La doctora Cester sostiene que “no hay que eliminar el ‘trac’, sino intentar que sea favorable para nosotros. Al hablar en público en una reunión laboral o familiar, o al realizar una actuación artística profesional o aficionada, podemos mantener ese miedo escénico en un nivel aceptable y evitar que se descontrole”. Para ello ofrece algunos consejos:

Deberíamos exponernos repetidas veces a la situación que nos causa ansiedad, mediante muchas actuaciones delante del público.

Debemos darnos oportunidades para poder “almacenar” experiencias exitosas, ya que el éxito disminuye la ansiedad situacional.

Es conveniente seguir una dieta equilibrada, acompañada de un descanso adecuado y ejercicio físico, el cual reduce la tensión en el sistema nervioso autónomo (SNA) y aumenta los neurotransmisores implicados en las funciones de aprendizaje y memoria.

Recomienda realizar algún tipo de terapia corporal, como la fisioterapia. La mayoría de las disciplinas basadas en la asociación cuerpo-mente ayudan a liberar al cuerpo de corazas y tensiones y son beneficiosas para afrontar con éxito el miedo escénico.

Intentar descubrir si nuestra tensión o ansiedad se manifiesta mayoritariamente a nivel muscular, con contracturas o rigidez; a nivel del SNA, con un “nudo” en el estómago o urgencia para ir al baño; o a un nivel mental o emocional, mediante pensamientos irracionales y preocupaciones, para practicar aquella técnica de relajación que resulte más apropiada en cada caso.

Una idea que funciona es grabarnos en video previamente. De este modo nos vemos a nosotros mismos desde fuera y aprendemos a autoevaluarnos y a ser más autocríticos.

No pierda el contacto visual con el público.

Debe comprender, conocer, dominar y amar lo que exponemos o interpretamos, ya que “para que algo guste a los demás, primero debe gustarnos a nosotros”.

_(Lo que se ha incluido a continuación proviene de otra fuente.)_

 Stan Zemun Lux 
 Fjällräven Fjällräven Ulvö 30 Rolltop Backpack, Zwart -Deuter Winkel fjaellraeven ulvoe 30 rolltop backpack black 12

Trate de hacer de la memorización un hábito, en él priorizaremos la calidad a la cantidad de lo memorizado.

Procure liberar tensiones mediante ejercicios faciales, respiración abdomino-diafragmática y algunos ejercicios utilizados en el teatro, porque si relajamos el cuerpo, relajamos la mente.

Siempre busque su propio estilo en lo que haga, no se compare con nadie.

Trabaje la conciencia corporal y reeduque la postura. Cuando se modifica la actitud del cuerpo, cambia también la forma de pensar y relacionarse.

Realice una visualización. Unas semanas antes, podemos preparar la actuación imaginándola lo más real posible y de la forma ideal como nos gustaría que ocurriera, con el público y sus aplausos. “Si piensas y actúas como si tuvieras éxito, te llegará el éxito”.

l Finalmente, centre la atención sobre usted mismo y sobre el trabajo realizado, y no sobre lo que puedan pensar u opinar los demás.